SLGL
SLGL
Sol-Gel Technologies Ltd.Income Statement
| Period | Revenue | Operating Expense | Net Income | Net Profit Margin | Earnings Per Share | EBITDA |
|---|---|---|---|---|---|---|
| Q4-2025 | $696K ▲ | $4.16M ▼ | $-2.99M ▲ | -429.17% ▲ | $-1.07 ▲ | $-3.46M ▲ |
| Q3-2025 | $400K ▼ | $6.69M ▲ | $-5.94M ▼ | -1.49K% ▼ | $-2.13 ▼ | $-5.94M ▼ |
| Q2-2025 | $17.26M ▲ | $6.03M ▲ | $11.61M ▲ | 67.26% ▲ | $4.17 ▲ | $11.23M ▲ |
| Q1-2025 | $1.03M ▲ | $-8.04M ▼ | $-8.81M ▼ | -854.32% ▲ | $-0.32 ▼ | $9.07M ▲ |
| Q4-2024 | $278K | $6.38M | $-5.85M | -2.1K% | $-0.21 | $-6.1M |
Balance Statement
| Period | Cash & Short-term | Total Assets | Total Liabilities | Total Equity |
|---|---|---|---|---|
| Q4-2025 | $24M ▲ | $29.92M ▼ | $7.11M ▼ | $22.81M ▼ |
| Q3-2025 | $20.84M ▼ | $34.59M ▼ | $8.56M ▲ | $26.03M ▼ |
| Q2-2025 | $24.29M ▲ | $39.31M ▲ | $7.42M ▲ | $31.88M ▲ |
| Q1-2025 | $16.9M ▼ | $27.06M ▼ | $6.89M ▼ | $20.17M ▼ |
| Q4-2024 | $23.93M | $35.85M | $7M | $28.85M |
Cash Flow Statement
| Period | Net Income | Cash From Operations | Cash From Investing | Cash From Financing | Net Change | Free Cash Flow |
|---|---|---|---|---|---|---|
| Q2-2024 | $1.98M ▲ | $0 | $0 | $0 | $0 | $0 |
| Q1-2024 | $-6.34M ▼ | $0 | $0 | $0 | $0 ▲ | $0 |
| Q4-2023 | $-4.84M ▲ | $0 | $0 | $0 | $-6.62M ▼ | $0 |
| Q3-2023 | $-5.71M ▲ | $0 | $0 | $0 | $-1.48M ▼ | $0 |
| Q2-2023 | $-5.97M | $0 | $0 | $0 | $8.81M | $0 |
Revenue by Products
| Product | Q2-2022 | Q4-2022 |
|---|---|---|
Collabrations | $0 ▲ | $0 ▲ |
License | $0 ▲ | $0 ▲ |
5-Year Trend Analysis
A comprehensive look at Sol-Gel Technologies Ltd.'s financial evolution and strategic trajectory over the past five years.

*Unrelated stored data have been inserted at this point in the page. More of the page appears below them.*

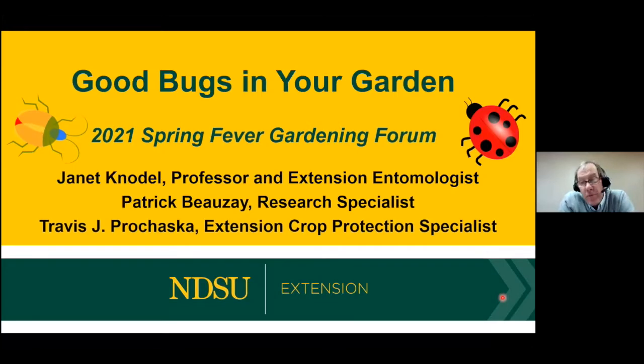Welcome to the Spring Fever Garden Forums, where we connect gardeners to the experts of North Dakota State University. My name is Tom Kolb. I'm an extension horticulturist in the Department of Plant Sciences, and I'm here with Scott Swanson, an electronic media specialist in the Department of Agriculture Communications.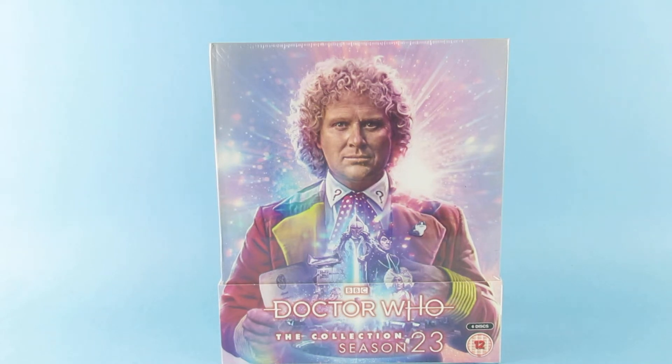So hey guys, today we're looking at this, which is the Doctor Who collection season 23.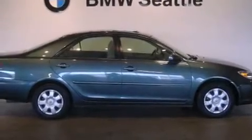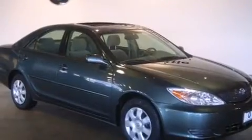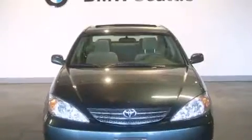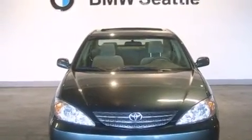The 2005 Subaru Legacy. This 4-door, 5-passenger sedan provides exceptional value. Under the hood, you'll find a 4-cylinder engine with more than 150 horsepower, providing a smooth and predictable driving experience.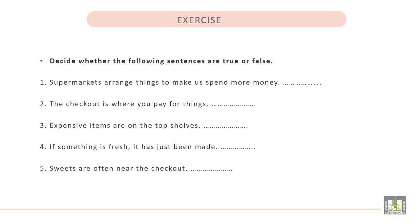Exercise. Decide whether the following sentences are true or false. 1. Supermarkets arrange things to make us spend more money. That is a true sentence. 2. The checkout is where you pay for things. This is also true. 3. Expensive items are on the top shelves. Actually, this statement is false because we can find expensive items on the middle shelves.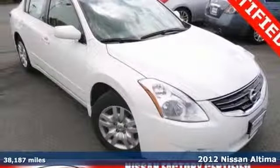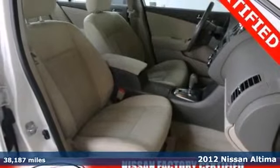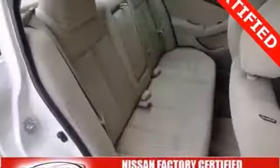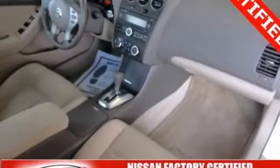Here's a 2012 Nissan Altima. Dependability and safety come standard with the reassurance of multiple airbags, a tire pressure monitor, traction control and brake assist. Of course, no ride is complete without cruise control, keyless entry and delay off headlights.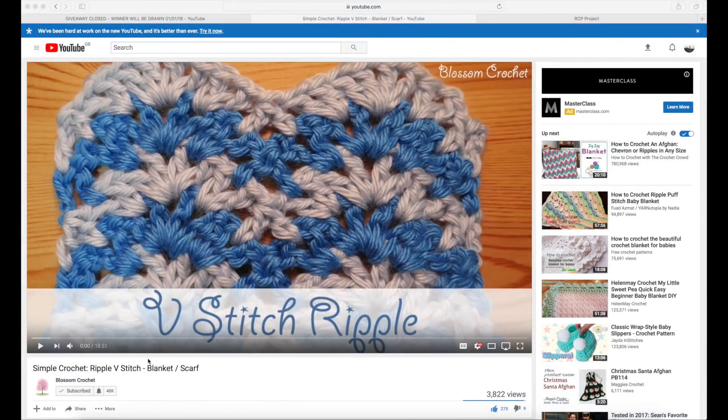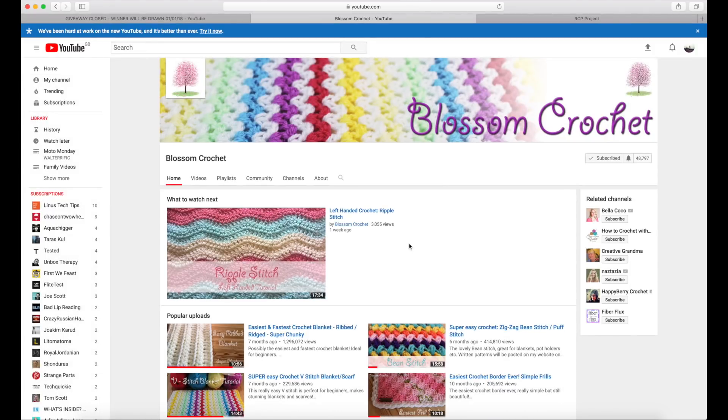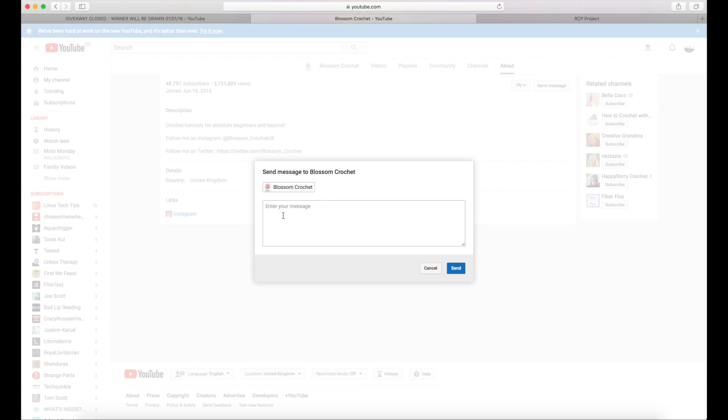So to send me a direct message on the page that you're watching now, you just want to click down here on Blossom Crochet, which will take you to my home page, and then you want to click on About. Once you get into this new page, there will be a button just at the top right that says Send Message. You just need to click on there and then you will be able to send me a direct message to confirm your yarn choice and your postal address, which I can then pass over to Snufflebean.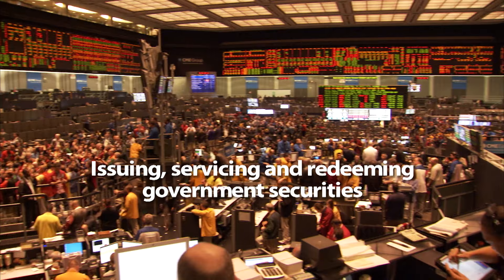Now you know: no matter how you pay for that pair of shoes or that cow, there's a very complex system working behind the scenes, making sure payments are safe, secure, and efficient.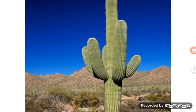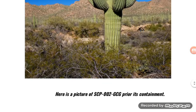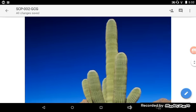And here is a picture of SCP-002-GCG prior to its containment.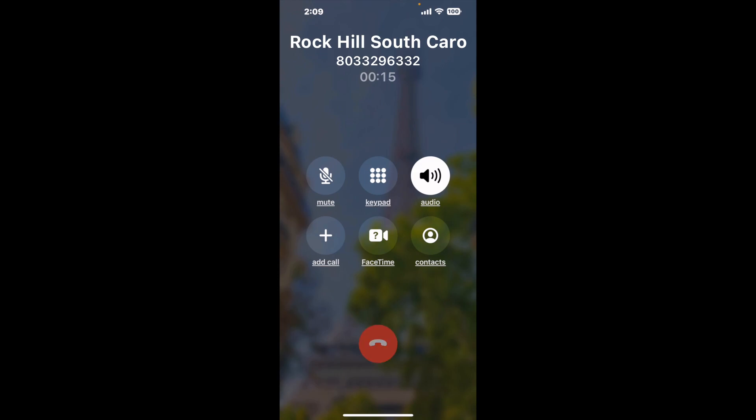It is a paid version, but it definitely works. You can see a lot of reviews of it with a quick Google search. Let me know in the comments how it worked for you.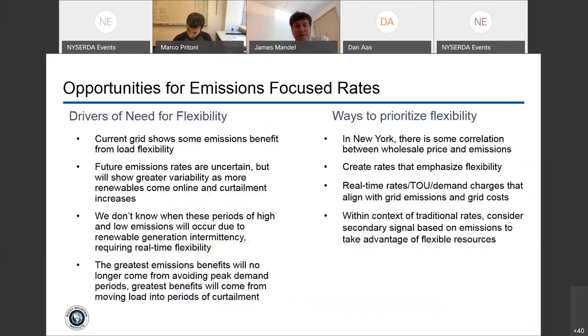To conclude: having rates that tie to emissions as you decarbonize the grid can make a lot of sense. We don't necessarily know when periods of high and low emissions will occur ahead of time, so creating dynamic flexibility — leveraging controls in addition to efficiency measures — can be really valuable. As curtailment starts to become an issue on the grid, you'll see the greatest emissions benefits shifting from reducing peak demand to reducing curtailment. We do see good correlation today between wholesale price and emissions, creating an opportunity to build emissions-responsive rate structures that buildings can respond to already.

Sol‑Gel combines a very high‑margin revenue base with a conservative balance sheet that features strong liquidity and minimal debt. Its proprietary microencapsulation technology, proven by two FDA‑approved products, underpins a focused dermatology strategy and offers a path to differentiated, patent‑protected formulations. Partnerships with established dermatology companies extend its reach while keeping commercial overhead relatively low, and a targeted pipeline addressing rare and underserved conditions provides potential for meaningful future value creation.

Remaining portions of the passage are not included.